I have a recyclerview which works as expected. I have a button in the layout that fills the list. The button is supposed to make a async call, and on result, I change the button
Chet Haase from Google discusses your exact issue in this DevBytes video.
In short, the framework need to be notified that one of the Views is in "transient" state. Once notified, the framework will not recycle this View until its "transient" flag cleared.
In your case, before you execute the async action, call setHasTransientState(true)
on the child View that should change when the async action completes. This View will not be recycled until you explicitly call setHasTransientState(false)
on it.
Offtopic:
It looks like you might be manipulating UI elements from background threads. Don't do that! If you can have a reference to Activity
then use its runOnUiThread(Runnable action)
API instead. If getting a reference to Activity
is difficult, you can obtain UI thread's Handler
and use its post(Runnable action)
API.
When the async code is done, you should update the data, not the views. After updating the data, tell the adapter that the data changed. The RecyclerView gets note of this and re-renders your view.
When working with recycling views (ListView or RecyclerView), you cannot know what item a view is representing. In your case, that view gets recycled before the async work is done and is assigned to a different item of your data.
So never modify the view. Always modify the data and notify the adapter. bindView should be the place where you treat these cases.

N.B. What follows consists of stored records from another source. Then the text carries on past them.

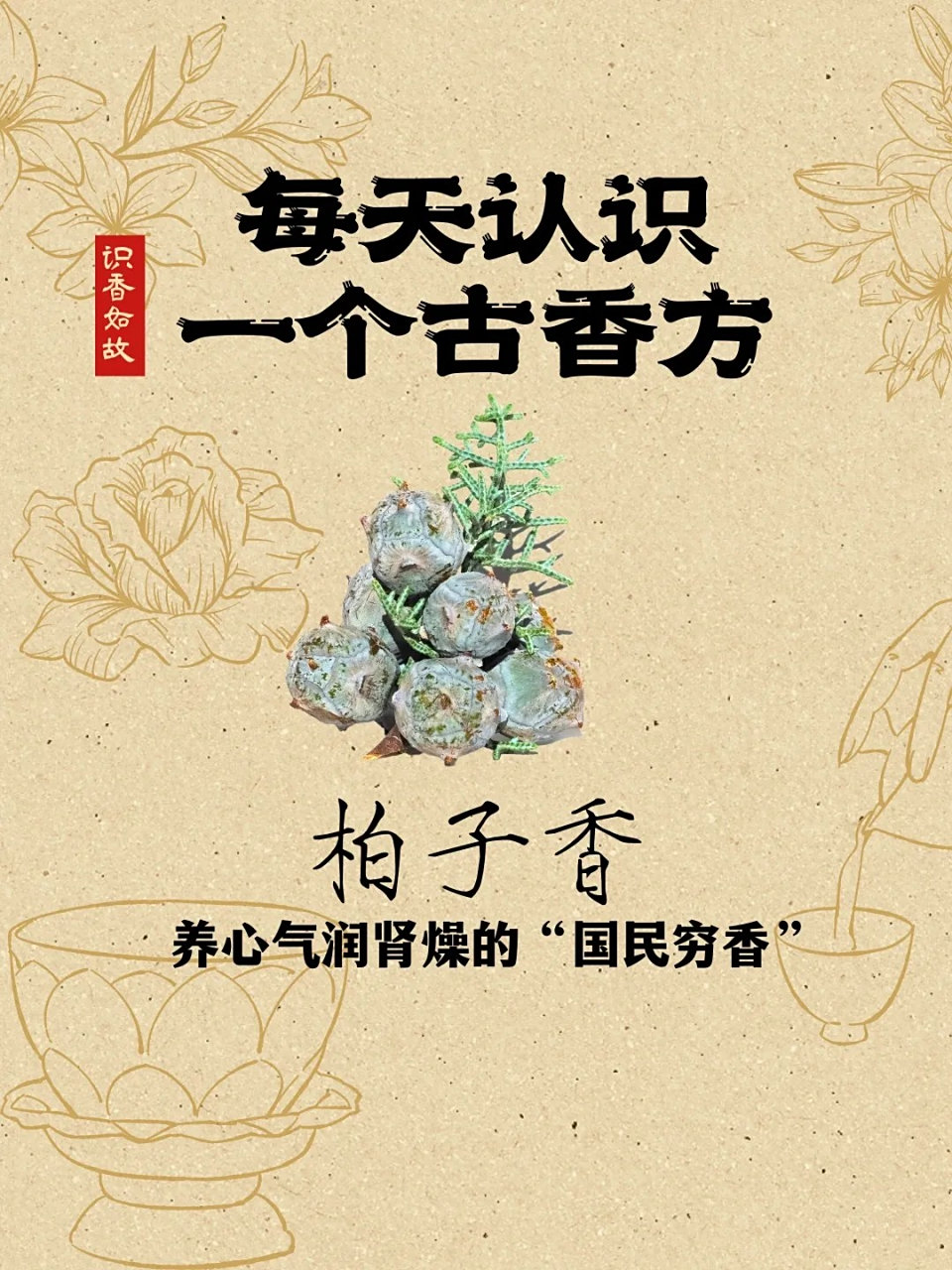 每天认识一个古香方——柏子香  96香方名:柏子香 96缘起:五代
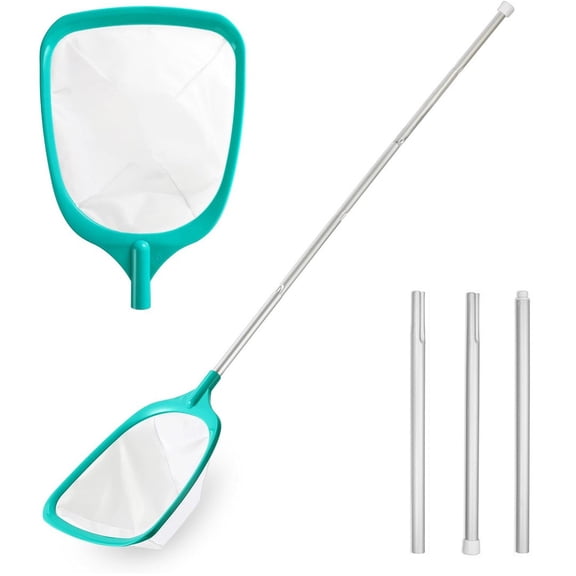 Pool Skimmer - Pool Skimmer Net with 3 Section Adjustable Telescopic Aluminum Pole, 25"- 63", Pool Net Skimmer Rake with Ultra Fine Mesh , Pool Leaf Skimmer for Swimming Pools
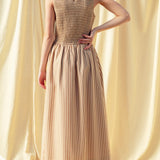 Back view of Darcy brown striped maxi dress with smocked bodice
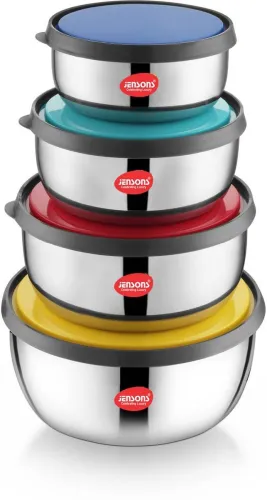 Image of Jensons Steel Cookie Jar - 1375 ml, 1000 ml, 625 ml, 375 ml (Pack of 4, Silver)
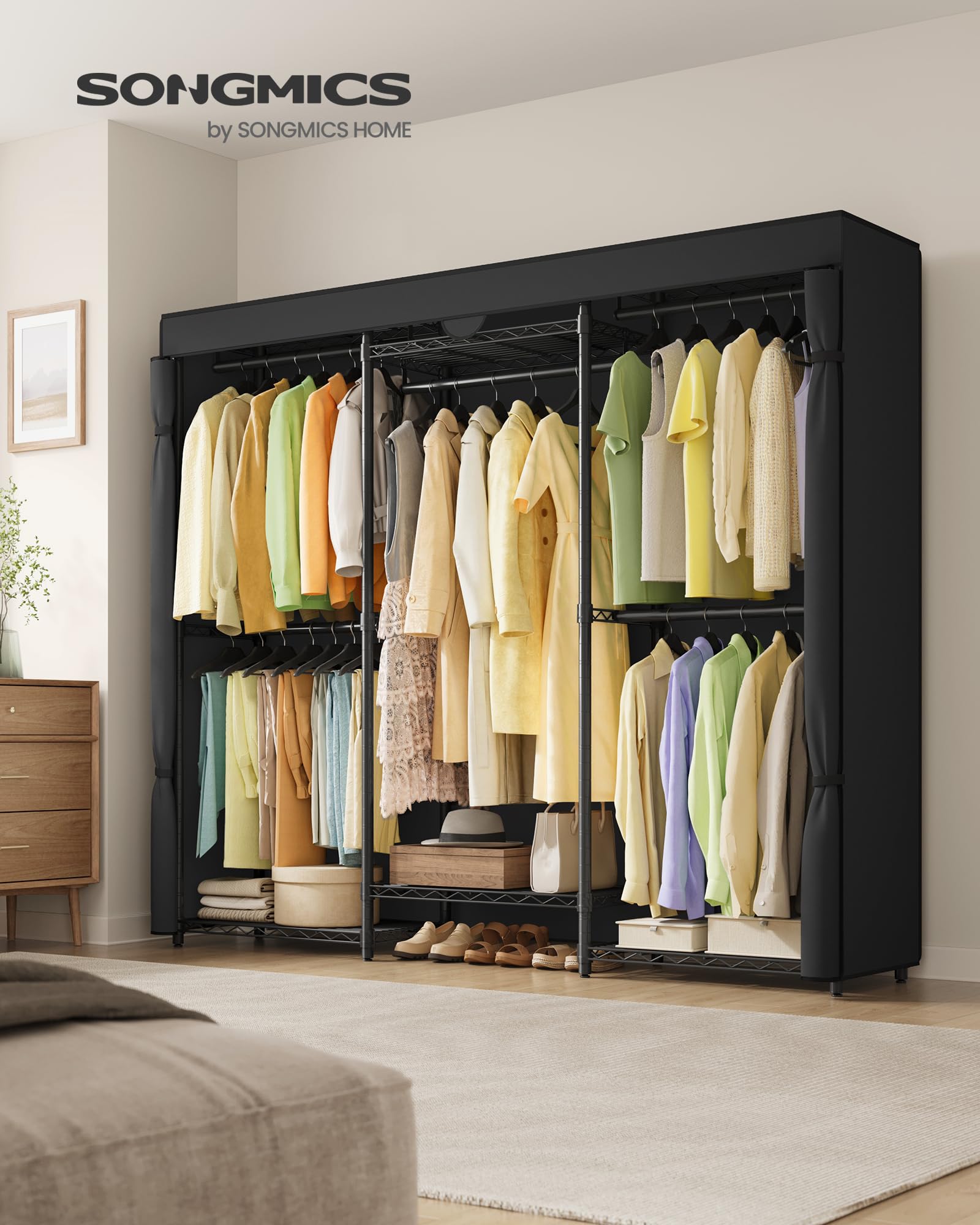 Amazon｜SONGMICS ハンガーラック 頑丈 大容量洋服かけ 耐荷重233kg 幅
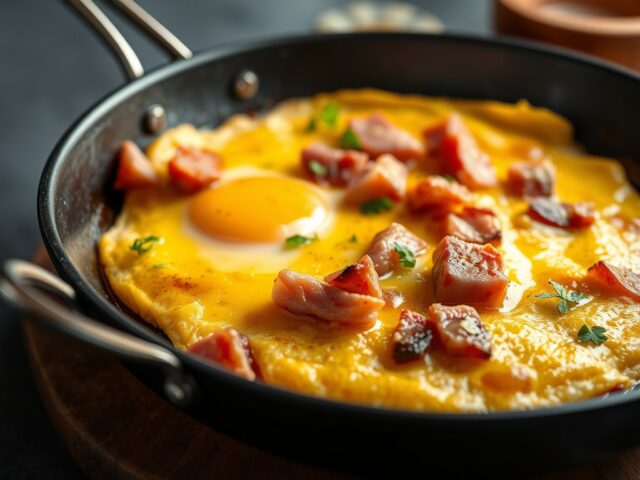 Omelet met ham en zuurkool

Without code to look at, this is going to be difficult (if not impossible) for people to provide an exact answer. However, based on this description it sounds as though your async network loading (using an AsyncTask
or custom Loader
?) is not specifically tied to an element being tracked by your adapter. You'll need to have some way of tying the two together since the child View
objects shown by the RecyclerView
are re-used to be more efficient. This also means that if a View
is being reused and there is an active async operation tied to it, that async operation will need to be canceled. Otherwise you'll see what you see now: the wrong child View
being updated with content from an older async call.